Las palabras a favor de la luz aparecieron al instante. Todos los que estábamos en la galería habíamos nacido de ese resplandor. Desde la hazaña de vencer la penumbra, hasta la eficacia de hacer un trabajo moviendo una perilla, eran cosas naturales. Por decirlo de alguna manera, la luz nos hacía ser a su imagen. La vista atraída por los pulsos de las luces retenía a cualquiera frente a la magia de las pantallas. Entonces, los que estaban a favor, hablaron del fastidio diario de tener que colgar y descolgar los faroles en los ganchos de carnicero de la galería y de tener que lavar la ropa en la acequia o cortar los pastos a guadaña y a hoz. También alguien mencionó que nadie deseaba venir a la casa. Las noches a farol y el día sin comodidades ahuyentaban más que un mosquito. Esa soledad era algo que aburría a los adolescentes de la casa.
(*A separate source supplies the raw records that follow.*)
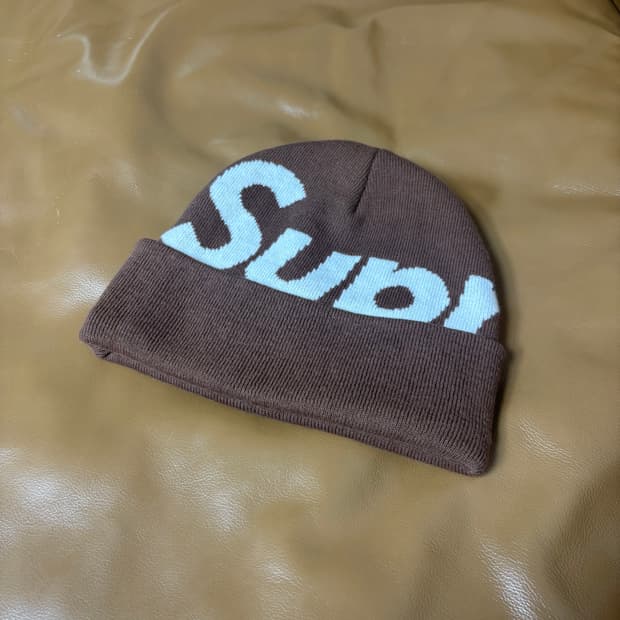 슈프림 비니 모자 빅 로고 브라운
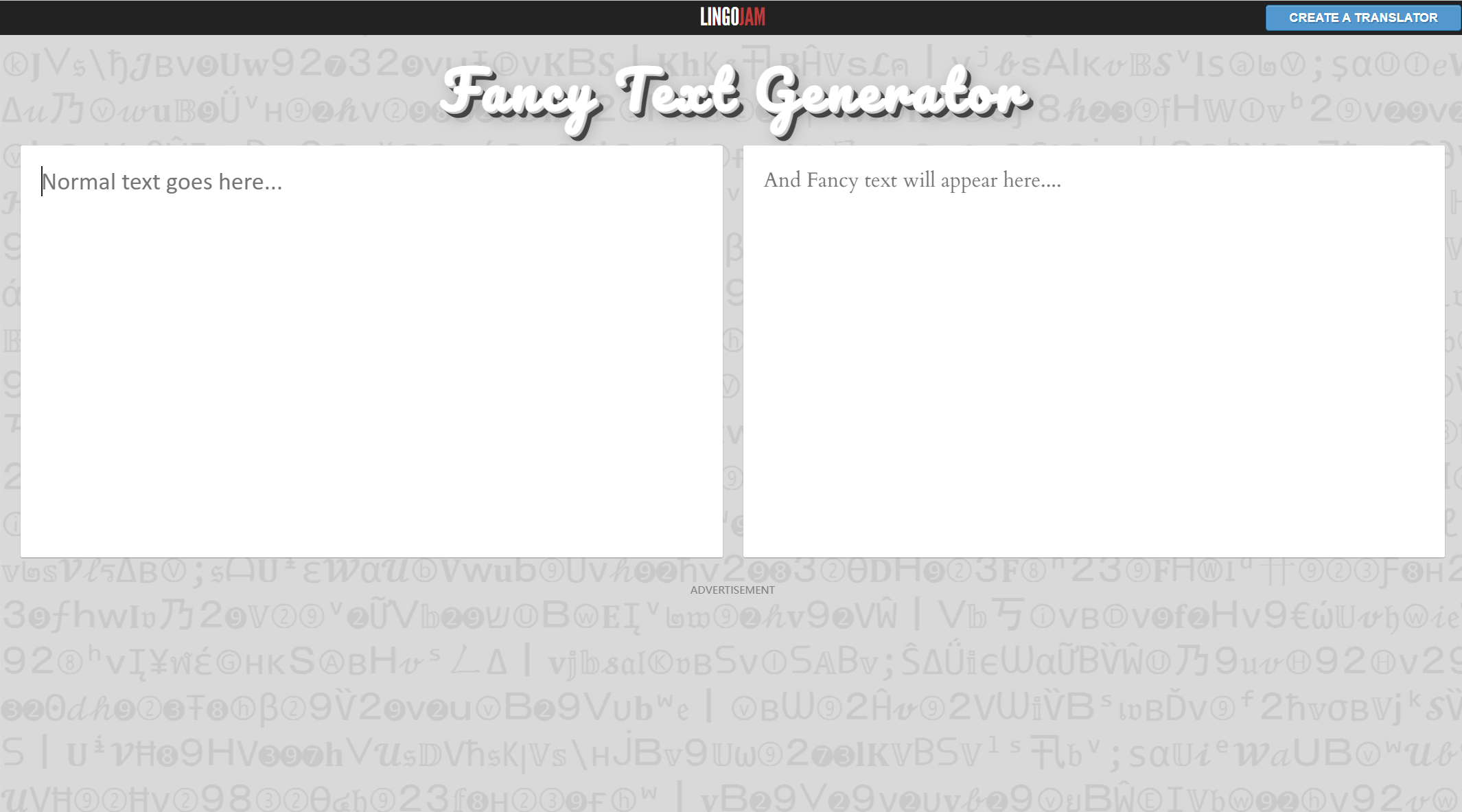 Lingojam Fancy Text Generator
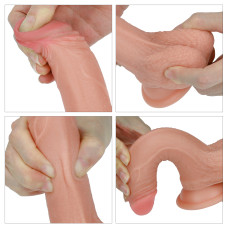 Реалистичный фаллоимитатор на присоске с мошонкой Dual-Layered Silicone Cock 18 см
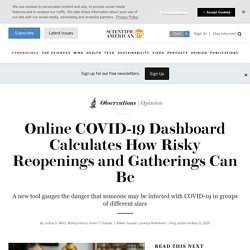 Online COVID-19 Dashboard Calculates How Risky Reopenings and Gatherings Can Be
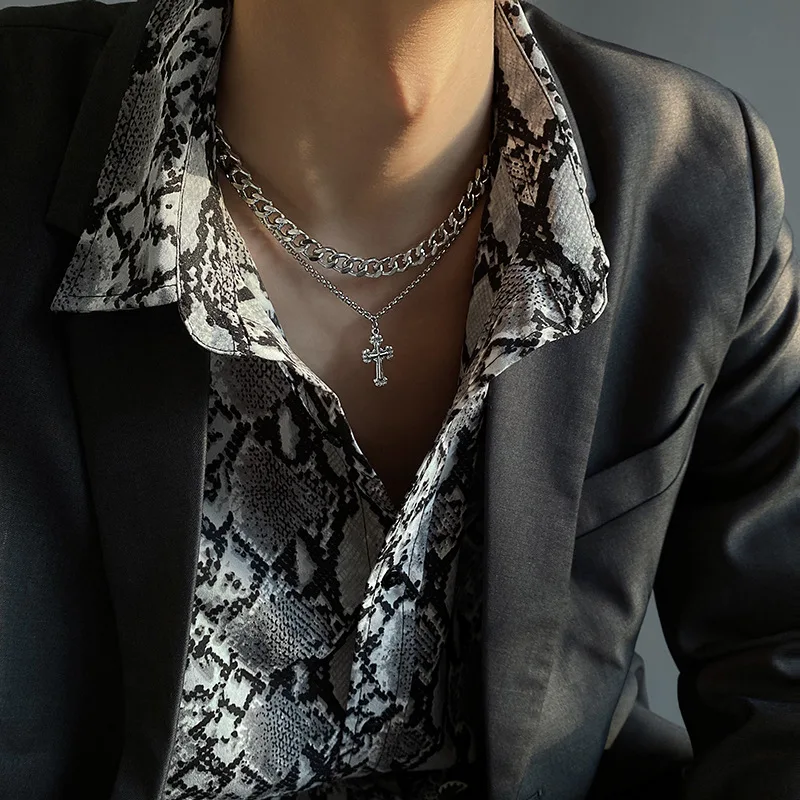 New Personalized Stainless Steel Cuban Chain Double layered Cross Pendant for Men and Women Street Hip Hop Rock Necklace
Para los niños la casa era otra cosa. Era la hazaña de descender al arroyo y jugar en las piedras donde los aborígenes habían tallado tres morteros en línea y era la aventura de cazar ranas descalzos hasta el filo del atardecer.
El debate en definitiva terminó sin mayores enojos. Como no podía ser de otra manera, unos años después instalaron el tendido eléctrico. Y como no podía ser de otra manera inauguraron el transformador una noche de verano. En contra de todos los pronósticos, las luciérnagas siguieron volando, las lechuzas nos mandaban a dormir y por supuesto no dejamos de lavarnos las medias en la acequia. Pero desde ese día la casa comenzó a quedarse sola. De a poco todos dejaron de ir. Nadie sabía responder el porqué, o los argumentos dados eran vagos. Yo mismo tardé mucho tiempo en darme cuenta que había caído en la preferencia de gozar de la luz en la ciudad. No se cuando viajó tu abuelo para llevar el primer televisor, pero debe haber sido el mismo día en que la casa desapareció.